Dense or gummy gluten-free focaccia usually happens when the dough is under-risen, over mixed, or underbaked. Let the dough fully double during both rise periods, avoid adding extra flour (the dough should stay sticky), and bake until the focaccia is golden with firm edges. Cooling for at least 10 minutes helps the crumb set properly.


Gluten-Free Focaccia
Ingredients
- ¾ cup warm water
- ½ tablespoon cane sugar
- 2 tablespoons active dry yeast
- 1 teaspoon fine sea salt
- 3 cups gluten-free flour, 1:1 ratio
- 5 tablespoons olive oil
- 4 fresh rosemary sprigs
- 1 tablespoon flakey sea salt
Instructions
- In a bowl or jar, whisk the lukewarm water and sugar, then sprinkle the yeast on top. Stir once, cover, and let sit for about 10 minutes, or until foamy and doubled in volume.

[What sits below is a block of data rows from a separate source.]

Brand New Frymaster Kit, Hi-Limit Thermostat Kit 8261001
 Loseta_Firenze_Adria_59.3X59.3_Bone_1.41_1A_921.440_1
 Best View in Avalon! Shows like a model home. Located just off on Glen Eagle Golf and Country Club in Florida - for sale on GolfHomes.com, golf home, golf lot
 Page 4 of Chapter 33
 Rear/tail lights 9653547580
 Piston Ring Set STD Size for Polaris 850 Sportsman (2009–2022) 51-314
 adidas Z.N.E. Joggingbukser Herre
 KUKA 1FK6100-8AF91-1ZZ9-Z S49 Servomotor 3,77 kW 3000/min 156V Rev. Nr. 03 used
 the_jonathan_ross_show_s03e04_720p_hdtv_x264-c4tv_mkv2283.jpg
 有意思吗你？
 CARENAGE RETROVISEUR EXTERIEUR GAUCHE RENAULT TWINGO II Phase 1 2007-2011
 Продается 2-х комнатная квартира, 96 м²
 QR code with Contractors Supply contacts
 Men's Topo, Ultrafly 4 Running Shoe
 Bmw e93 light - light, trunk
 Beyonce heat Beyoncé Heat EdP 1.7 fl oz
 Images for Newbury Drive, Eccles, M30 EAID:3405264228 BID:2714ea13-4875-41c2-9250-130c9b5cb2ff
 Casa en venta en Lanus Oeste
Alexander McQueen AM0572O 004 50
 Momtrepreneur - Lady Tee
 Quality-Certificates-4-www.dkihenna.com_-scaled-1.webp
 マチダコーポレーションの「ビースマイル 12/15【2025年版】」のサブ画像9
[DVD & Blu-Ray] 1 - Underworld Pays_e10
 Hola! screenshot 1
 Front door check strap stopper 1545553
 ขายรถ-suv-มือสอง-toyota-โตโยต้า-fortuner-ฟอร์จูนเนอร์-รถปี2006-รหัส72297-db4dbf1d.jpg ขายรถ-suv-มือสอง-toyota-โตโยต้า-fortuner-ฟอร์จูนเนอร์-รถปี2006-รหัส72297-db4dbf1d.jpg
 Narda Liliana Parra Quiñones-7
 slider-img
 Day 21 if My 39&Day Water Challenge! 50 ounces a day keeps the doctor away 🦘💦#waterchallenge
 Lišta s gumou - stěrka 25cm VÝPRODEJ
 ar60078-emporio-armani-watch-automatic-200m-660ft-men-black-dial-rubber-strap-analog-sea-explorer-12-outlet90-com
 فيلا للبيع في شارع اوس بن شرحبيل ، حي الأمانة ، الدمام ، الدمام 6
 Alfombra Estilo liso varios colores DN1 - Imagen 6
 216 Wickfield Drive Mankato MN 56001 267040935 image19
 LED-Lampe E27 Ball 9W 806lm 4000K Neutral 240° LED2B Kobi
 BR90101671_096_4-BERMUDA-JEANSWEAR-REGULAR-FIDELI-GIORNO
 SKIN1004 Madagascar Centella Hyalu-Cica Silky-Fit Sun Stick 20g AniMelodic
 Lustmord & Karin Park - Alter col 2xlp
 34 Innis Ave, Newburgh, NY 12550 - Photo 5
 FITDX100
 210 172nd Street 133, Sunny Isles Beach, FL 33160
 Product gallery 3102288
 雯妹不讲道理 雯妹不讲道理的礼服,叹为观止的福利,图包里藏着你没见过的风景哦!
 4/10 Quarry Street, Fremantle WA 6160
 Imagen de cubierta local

- Add the activated yeast mixture to a stand mixer fitted with a dough hook. Add the flour, salt, and 1 tablespoon olive oil. Mix on low until the dough pulls away from the sides and feels slightly sticky, about 2-4 minutes. Shape into a ball, place in a lightly greased bowl, cover, and let rise in a warm spot for 1 hour or until doubled.
- Punch down the dough, fold the edges toward the center, and shape into a smooth ball again.
- Grease a baking pan with 2 tablespoons olive oil (it should look generously coated). Set aside.
- Roll the dough on a silicone mat or lightly floured surface to about ½-inch thickness, then transfer immediately to the oiled pan. Cover and let rise again for 45-60 minutes, or until puffy and doubled.
- Preheat the oven to 350°F. Use your fingertips to dimple the dough all over. Brush with the remaining 2 tablespoons olive oil, press in rosemary, and sprinkle with flaky salt.
- Bake for about 22 minutes, or until golden and cooked through.
Nutrition
Notes
- Use warm not hot water: Water that's too hot can kill the yeast; aim for 100-110°F for the best rise.
- Let the dough be sticky: Gluten-free focaccia dough should be softer and stickier than wheat dough, don't add extra flour.
- Generous oil = crisp edges: Fully coating the baking tin in olive oil helps create the classic golden, crispy bottom.
- Dimple gently: Pressing your fingertips into the dough helps the olive oil pool and creates focaccia's signature texture.
- Watch the rise times: Humidity and kitchen temperature affect how quickly dough doubles, use volume, not the clock, as your guide.
- Herbs go on before baking: Press rosemary (or other toppings) into the dough so they bake into the surface instead of burning.
- Serve warm: Gluten-free focaccia tastes best fresh and slightly warm, when the crumb is soft and airy.





I am just starting to try and have less gluten in my diet and this was very good.
the flakey salt makes such a difference!